EXERCISE REQUIREMENTS: Begin with the line below holding "17215 Hadlow Pl, Fort Myers, FL 33967-7" and go on through the line holding "เหรียญ 2 บาท", duplicating each line exactly and leaving out pictures.

DATA FOR REVIEW:
⁂
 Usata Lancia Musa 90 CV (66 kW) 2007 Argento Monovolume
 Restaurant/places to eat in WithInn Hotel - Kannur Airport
⁂
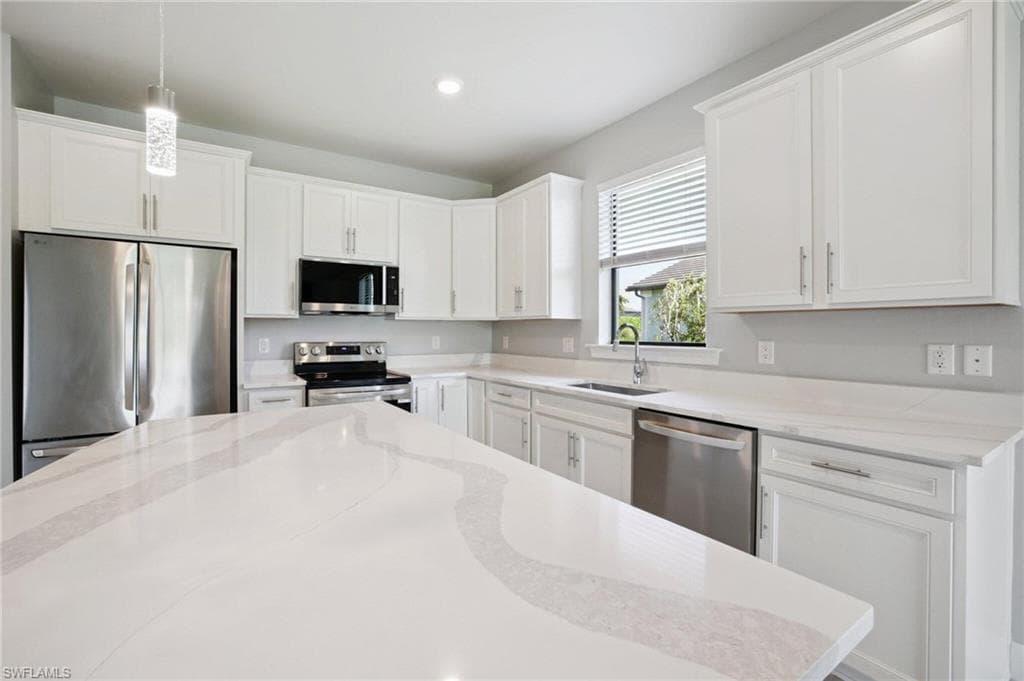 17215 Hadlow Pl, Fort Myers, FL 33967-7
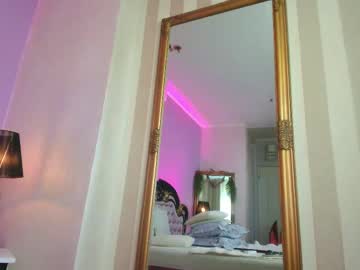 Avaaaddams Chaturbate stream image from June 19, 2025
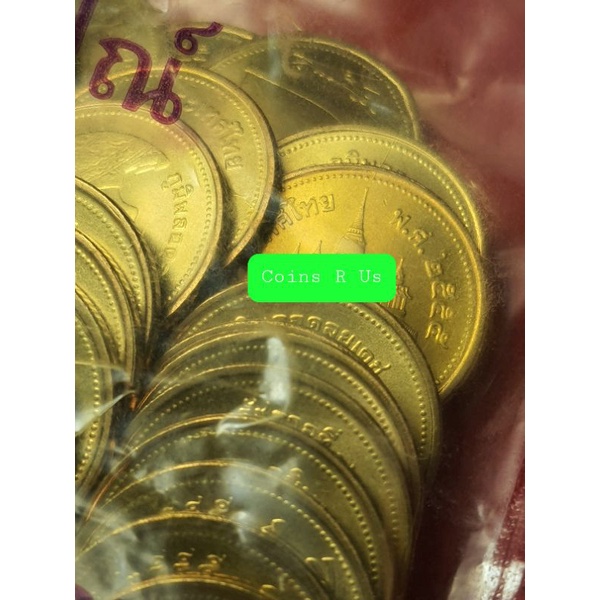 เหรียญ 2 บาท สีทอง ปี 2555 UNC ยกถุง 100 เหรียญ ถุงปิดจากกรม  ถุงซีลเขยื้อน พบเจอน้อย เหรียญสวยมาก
⁂
RESULT OF THE EXERCISE:
 17215 Hadlow Pl, Fort Myers, FL 33967-7
 Avaaaddams Chaturbate stream image from June 19, 2025
 เหรียญ 2 บาท สีทอง ปี 2555 UNC ยกถุง 100 เหรียญ ถุงปิดจากกรม  ถุงซีลเขยื้อน พบเจอน้อย เหรียญสวยมาก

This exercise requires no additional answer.